In that time, Apple have (a) completely switched processor architecture 3 times (68k to PPC, PPC to x86-32, x86-32 to x86-64) and (b) dumped Classic MacOS for a completely new NextStep-based OS that isn't even source-code compatible with "Classic" (and the "classic" emulation mode is long gone)... which, as a Unix implementation, is fundamentally platform-agnostic and founded on source-level compatibility anyway
Also, Apple control the hardware and the software, so they can force a transition by simply announcing an end-of-life for x86 Macs - anybody wanting to stay in the Mac software business will have to support ARM - whereas Microsoft can't (well, they could drop x86 Windows... and cease to exist) so currently you have 1 or 2 ARM Windows machines vs hundreds of Intel-based competitors with no particular incentive for developers to support it. Heck, Apple could afford to lose the Mac entirely.
Meanwhile, have spent years shepherding developers towards official MacOS frameworks for graphics, acceleration etc., depreciating OpenGL, CUDA etc. They just purged the Mac world of "abandonware" and legacy binaries by dropping 32 bit support in Catalina. For the vast majority of applications, written mainly in high-level languages, recompiling for ARM64 is going to be a trivial job compared to converting them from x86-32 to x86-64... and for the exceptions, well, if the developers don't think their worth supporting they're likely to die at the next major MacOS upgrade anyway (if they haven't already been killed by Catalina).
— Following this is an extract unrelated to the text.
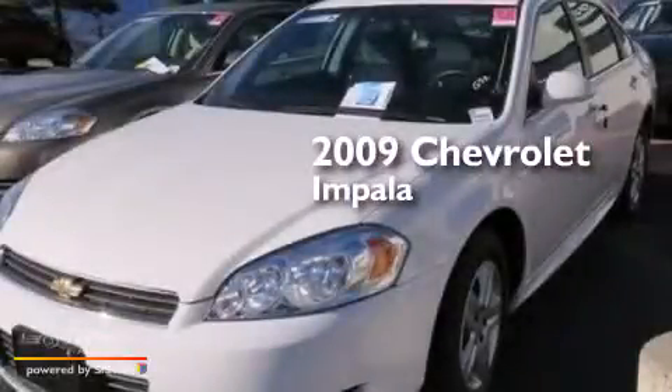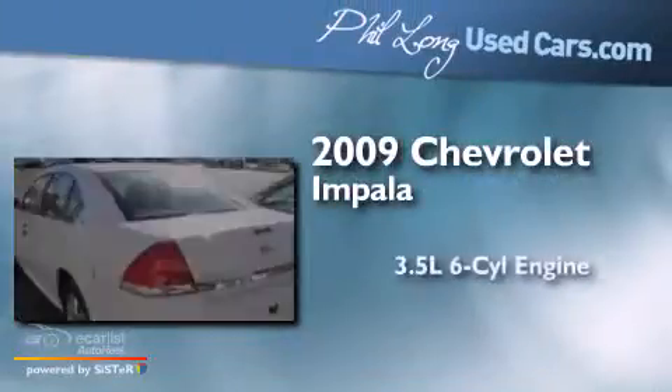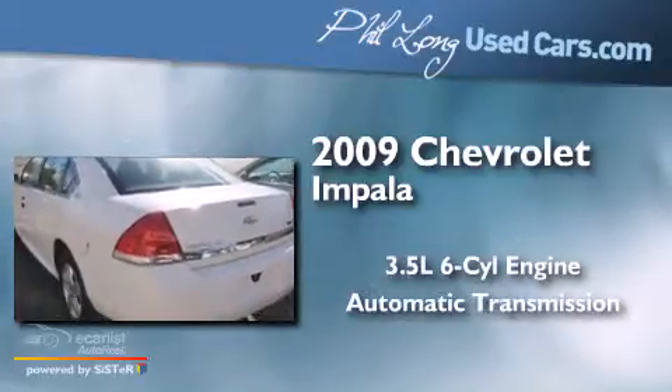This is a 2009 Chevrolet Impala. It has a 3.5-liter, six-cylinder engine and an automatic transmission.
It's pretty ironic that the most serious loss from switching the Mac to ARM would be the ability to run Windows
...although, personally, that's a feature I'm finding less and less important - increasingly, there are Mac and cloud-based alternatives to Windows-only software, the demise of Internet Explorer and MS's switch to Chromium vastly reduces the need for testing websites/webapps on Windows while the lack of a touchscreen on the Mac probably means that I'm going to end up needing to buy a Windows laptop/convertible to properly test websites/apps.
Meanwhile, if I really need an x86 Linux VM (given that ARM64 Linux is already well-developed), I can spin one up in the cloud for a penny an hour (its not like you can do modern web development without an Internet connection).
That seems most likely - 6 months of a developer program should ensure a huge swathe of natively-compiled ARM apps. The big pro media apps will likely take a bit longer.
However, notwithstanding the comments above (and the revelation that an iPad Pro+ Magic Keyboard weighs more than an Air) I'm starting to wonder if the mythical ARM Mac will actually turn out to be an "iPad Laptop"... which would explain all the interest in "Pro" apps for iPad.